**Task description:**
Without any pictures, print the lines below from the one that has "A wooden number" through the one that has "Bed in Ampersand Resort", exactly and nothing else.

═════ Records for this task ═════

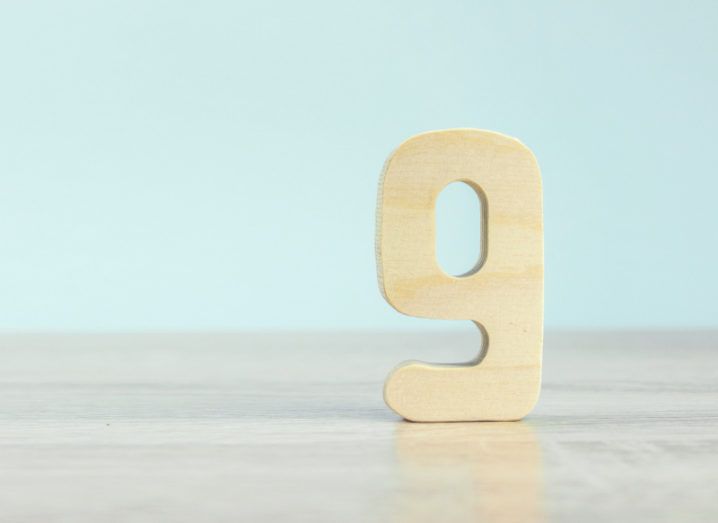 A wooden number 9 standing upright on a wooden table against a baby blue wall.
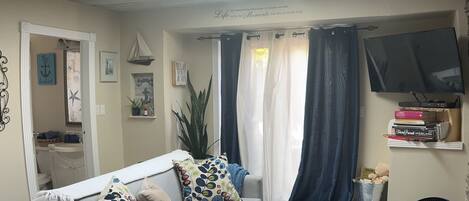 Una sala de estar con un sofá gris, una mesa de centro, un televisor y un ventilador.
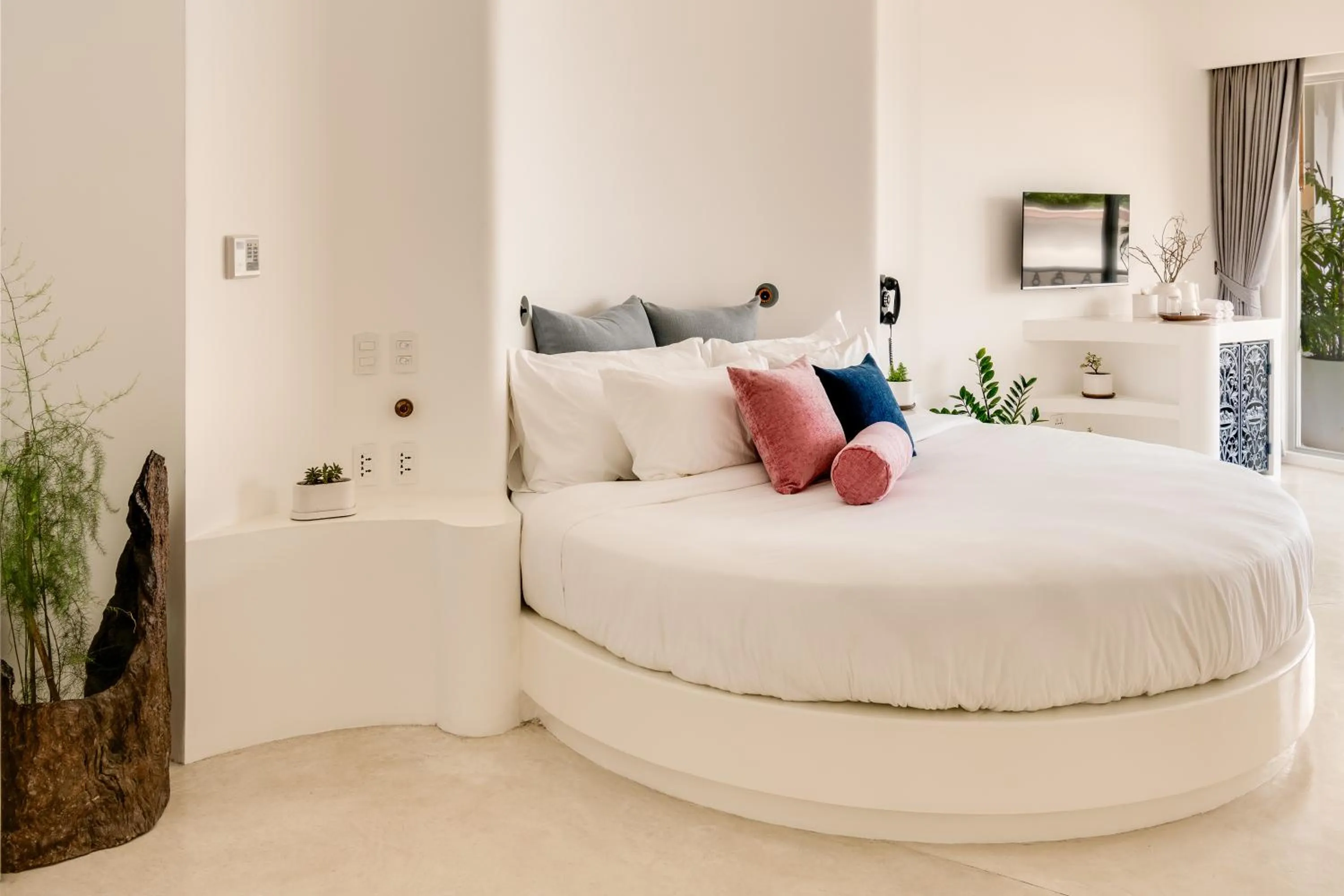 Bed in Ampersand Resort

═════
═════ Records for this task ═════

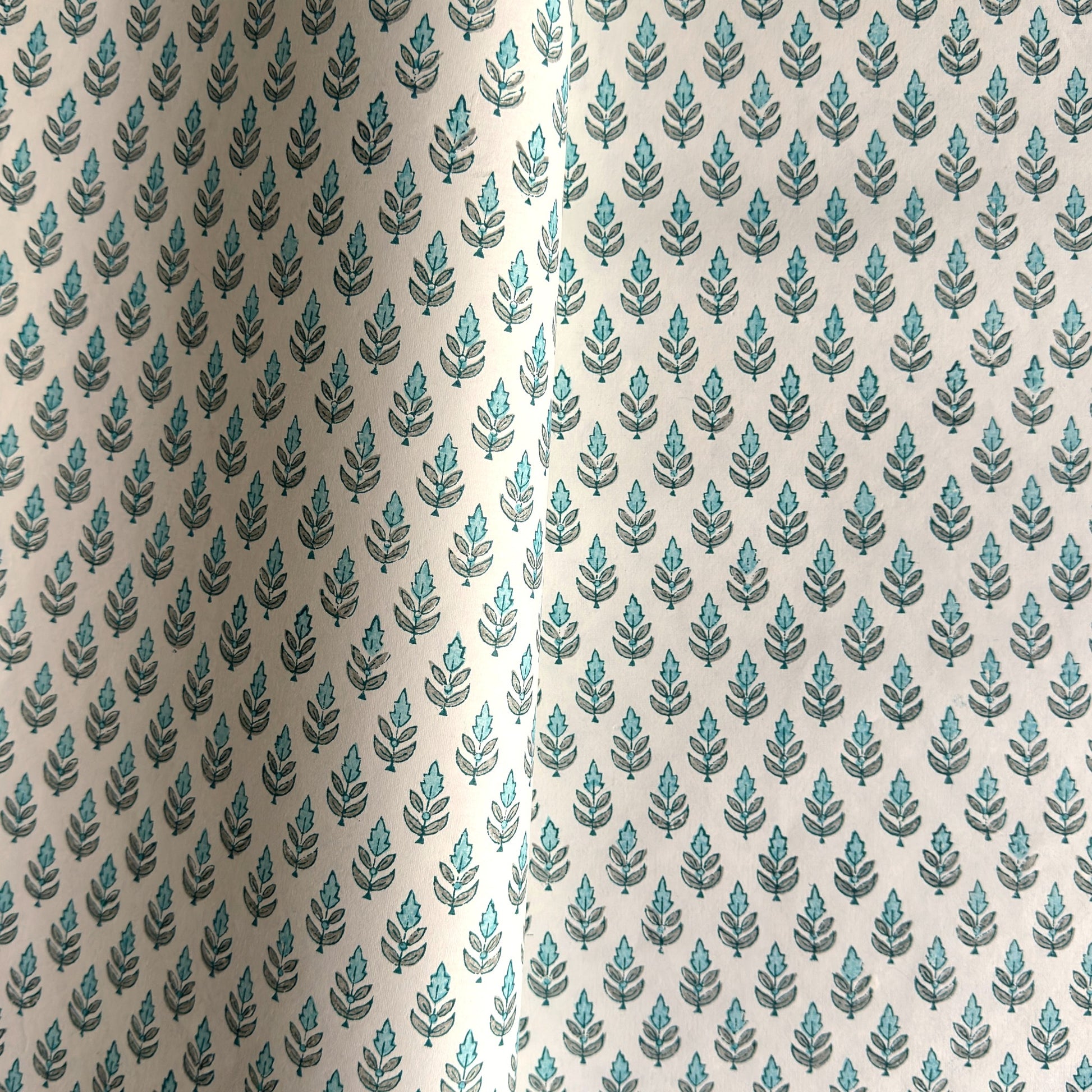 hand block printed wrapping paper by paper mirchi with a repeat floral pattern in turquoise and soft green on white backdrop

═════

**Exercise answer:**
 A wooden number 9 standing upright on a wooden table against a baby blue wall.
 Una sala de estar con un sofá gris, una mesa de centro, un televisor y un ventilador.
 Bed in Ampersand Resort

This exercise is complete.